As medidas acima podem ser suficientes para reequilibrar as assimetrias de poder entre as plataformas digitais e as organizações jornalísticas, especialmente considerando os grandes meios de comunicação. No entanto, o histórico do Brasil indica que isso, por si só, pode ser insuficiente para promover um cenário de jornalismo independente, diverso e de interesse público. A decisão de política pública adequada para atingir esse objetivo não é a de promover acordos privados e não transparentes com base no quanto as plataformas ou as pessoas "usam" as notícias. A meta política de fortalecer o jornalismo como um elemento decisivo das sociedades democráticas se traduz em uma decisão política de apoiar financeiramente seu desenvolvimento. Além de promover medidas estruturais de mercado, o poder público deve direcionar recursos para esse objetivo. Considerando as muitas prioridades de financiamento e as contingências orçamentárias, um caminho viável e sólido é usar a arrecadação de impostos dos agentes da cadeia ad-tech para criar um fundo gerenciado por um comitê independente e multissetorial. O comitê e a alocação de recursos obedeceriam a regras rígidas de transparência, critérios de representatividade e mecanismos de supervisão.

Com isso, a discussão sobre quem é pago, pelo quê e quais outras iniciativas devem ser financiadas a fim de construir um caminho de menor dependência entre as organizações jornalísticas e as Big Tech poderia ir muito além de acordos privados e ter este fundo como um catalisador amparado em diretrizes estabelecidas por lei. Isso também permitiria liberar o modelo de remuneração da pretensão problemática de monitorar o "uso" do conteúdo jornalístico como parâmetro de distribuição dos pagamentos.
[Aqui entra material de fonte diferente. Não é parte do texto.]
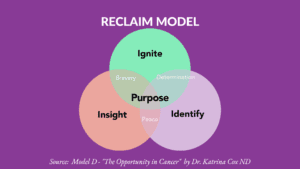 Using the Reclaim Model to Overcome the Fear of Cancer Recurrence, Dr. Katrina Cox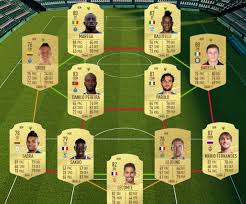 Like and subscribe for more!! Fut 20 League And Nation Hybrid Sbc Solutions Millenium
A ideia de criar um fundo não é nova nos debates brasileiros sobre a sustentabilidade do jornalismo. Seguindo discussões globais, a Federação Nacional dos Jornalistas (FENAJ) tem defendido a criação de um fundo considerando o modelo do Fundo Setorial do Audiovisual (FSA) brasileiro, que faz parte de uma política consistente de promoção do setor audiovisual no país. A ideia ganhou o apoio da Associação de Jornalismo Digital (AJOR) e de outras organizações da sociedade civil. Os agentes com poder de decisão no Brasil devem se basear na experiência do FSA para construir um caminho mais sólido ao jornalismo, implementando, claro, os freios e contrapesos necessários para prevenir riscos de captura e de ingerência indevida. Como notado acima, o recolhimento de recursos deve vir de uma parte relevante da tributação relacionada às receitas das empresas ad-tech, em vez do uso de conteúdo jornalístico. Além disso, a transparência, a supervisão pública e os critérios democráticos para distribuir os recursos estão entre os compromissos essenciais a serem estabelecidos para garantir um fundo de jornalismo participativo, multissetorial e independente.

Esperamos que as questões cruciais e as alternativas discutidas aqui possam ajudar a construir um caminho mais robusto no Brasil para a preservação do jornalismo frente ao papel dominante das grandes empresas de tecnologia.